Повтор — испытание на внутреннюю наполненность. То, что внутренне бесконечно, бесконечно раскрывается, и никакие повторы не могут его исчерпать. Постоянная погоня за новым — проклятие Дон Жуана, он ни разу не взглянул вглубь женской души и не был захвачен бесконечностью женственного. Трубецкой цитирует карамазовского черта, уставшего от повтора одной и той же человеческой комедии, но Богу не надоедают Его повторы. Он кружится, вместе со всеми избранными, вокруг своей собственной бесконечной глубины, и там, где есть эта глубина, есть смысл. Бессмыслица нас настигает только на поверхности, оторванной от глубины, — там, где атом, называемый смыслом, окружен пустотой, и мы вечно теряем этот смысл и барахтаемся в пустоте.

Художник может тысячу раз рисовать морские волны, поэт — повторять, не повторяясь, одни и те же мотивы:

Я повторяю, повторяю
И облака, и лес, и скалы.
Просторы без конца и края,
Узор без края и начала…
З.М.

Святой Силуан не уставал повторять одну и ту же Иисусову молитву. Но заставьте это делать школьника — и молитва через пять минут будет ему в тягость. То же в мирской любви. Если любовь потерялась, выветрилась, инерция близости встает поперек горла. Половое чувство, оставшись в одиночестве, оттеснив назад всё остальное, превращает мужчину и женщину в кобеля и суку, а потом приходит отвращение к себе самим. Но это вовсе не необходимость, не что-то вроде закона тяжести. Любящие ложатся спать вместе 365 раз в году и каждый раз с любовью. Музыка осязания и молитва осязания на старости лет другая, чем в юности, но она остается музыкой и молитвой. И никакие годы здесь ничего не изменяют.

Страх смерти связан не с годами, а с мыслью о жизни как движении, которое обрывается в пропасть. Толстой испытал «арзамасский страх» сравнительно молодым; Паскаль — еще моложе; Бубер — в 14 лет. Страшно потерять полено в его поленности и себя как каплю, единую с океаном, потерять чувство целостной вечности. Вечное кружение грешников в аду? Но это кружение душ, оторванных от Бога, вечность невечности, ибо подлинная вечность — только в Боге. Если ты вытолкнут из священного танца, ты в смерти (хотя физически еще жив). А если вошел в ритм — ты снова ожил, как бы ни изношено тело, сколько бы ни оставалось жить.

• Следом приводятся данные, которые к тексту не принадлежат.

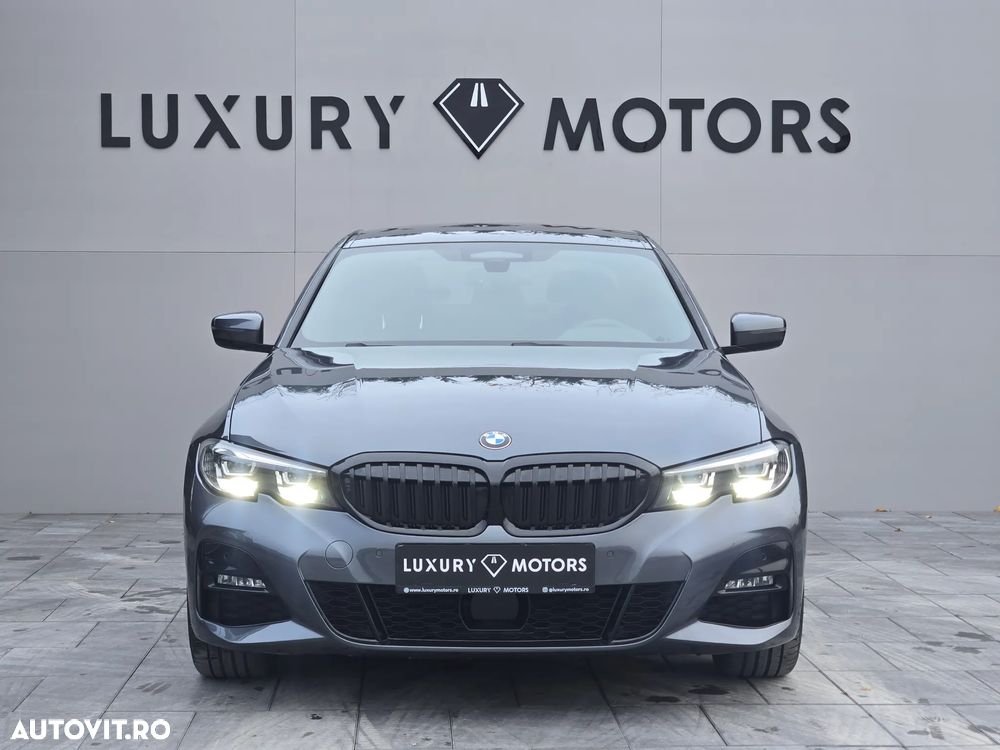 BMW Seria 3 330e iPerformance M Sport - 3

Да, возразят мне, — но мысль о скорой смерти печалит. Девушки не устают смеяться, старухи — ворчать. Ворчат, потому что щенячья радость кончилась, а до веселия духа не дошли, не сумели дойти. Для радостной старости надо много собрать, пока старость еще не пришла. Тогда все твои сокровища с тобой. Слабеют руки и ноги, выпадают зубы, падает способность видеть, но способность созерцания может расти и расти. Чем слабее чувственная радость жизни, тем больше простора для радости созерцания. Больной Мышкин это угадал, понял, и к нему пришел «главный ум». Если вы не угадали, не поняли, не сумели — никто не виноват, кроме вас. Ни Хрущев, ни Брежнев мне не помешали, и нынешний хаос не может мне помешать.